Bu benzetme bize bağışlama hakkında çeşitli şeyler gösteriyor.
Bağışlamaya razı olmamak anlamsızdır. Köle arkadaş “Ne olur, sabret! Borcumu ödeyeceğim” diye yalvarır. Bağışlamayan kölenin birkaç ayet önce krala yalvarışının yankısıdır bu. Ancak kraldan aldığı merhamet türünü göstermek yerine, bağışlamayan köle kendi arkadaşını cezalandırır. Bağışlamayan kölenin affetmeyişi, kralın merhametinin ışığında anlamsızdır. “Benim sana acıdığım gibi, senin de köle arkadaşına acıman gerekmez miydi?” (33. ayet).
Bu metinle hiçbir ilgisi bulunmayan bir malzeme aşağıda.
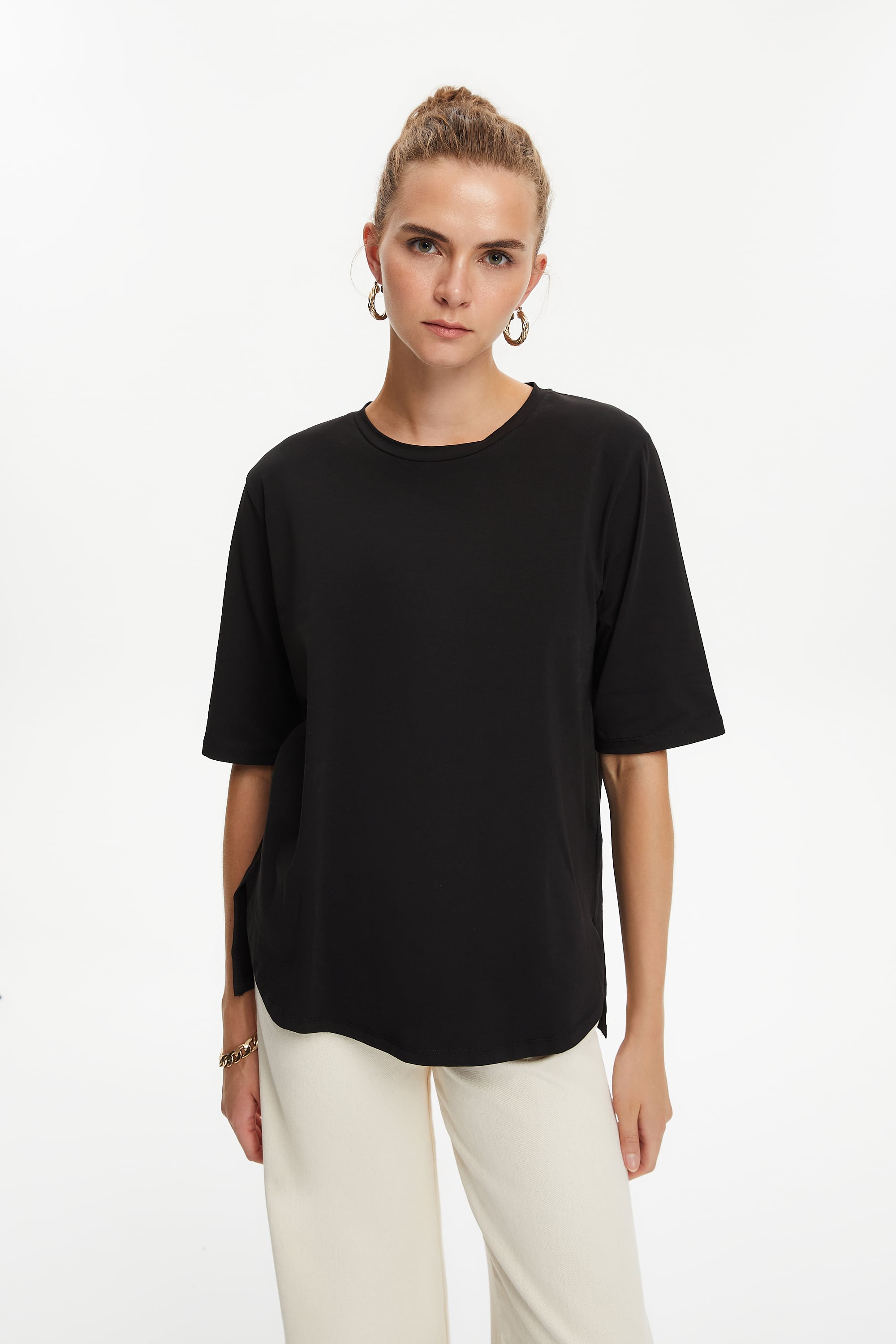 BİSİKLET YAKA KISA KOLLU T-SHIRT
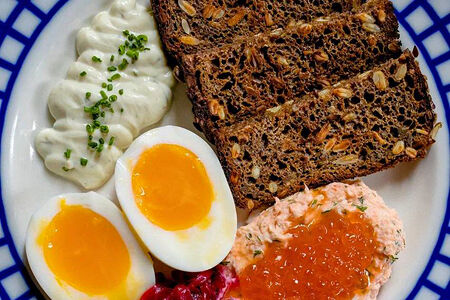 Риет из форели, красная икра, тосты, рикотта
Bağışlamaya razı olmamak Tanrı’nın egemenliğinde kabul edilemez. İsa’nın benzetmenin sonundaki ikazı, bağışlamaya istekli olmamakta diretenleri uyarır. Kralın bağışlamayan köleyi zindana atması gibi, “Eğer her biriniz kardeşini gönülden bağışlamazsa, göksel Babam da size öyle davranacaktır” (35. ayet). Bağışlamanın bedeli yüksek olabilir ama bağışlamamanın bedeli çok daha büyüktür. Eğer bağışlama konusunda kalıcı bir isteksizlik gösteriyorsanız, Tanrı’nın bağışlamasının yüreğinizi gerçekten değiştirmediğinin işaretidir bu.
Bağışlamanın bedeli Tanrı için yüksektir. Bağışlamayan köle, kendisinin ne kadar alacağı olduğunun gayet farkındadır ama kendisinin merhametli krala ne kadar borcu olduğunu gerçekten anladığına dair hiçbir ipucu yoktur. Biz de o köle gibiyiz, değil mi? Tanrı’nın uçsuz bucaksız borcumuzu bağışlamasından çok, insanların bize ilişkilerimizde ne kadar borçlu olduğuna odaklanırız. Doğal insani hâlimiz budur.
Ne var ki Tanrı’nın affının bedeli bizim ödeyebileceğimiz her şeyden çok daha büyüktü – Oğlu’nun yaşamının bedeliydi. Eğer bizim için bu ücreti ödemeye razıysa, biz de –Tanrı’nın yardımıyla– bize haksızlık edenlere merhamet sunabilir miyiz?
Tanrı’nın size yönelik büyük merhametini düşündüğünüzde, kimin borcunu iptal edebilirsiniz?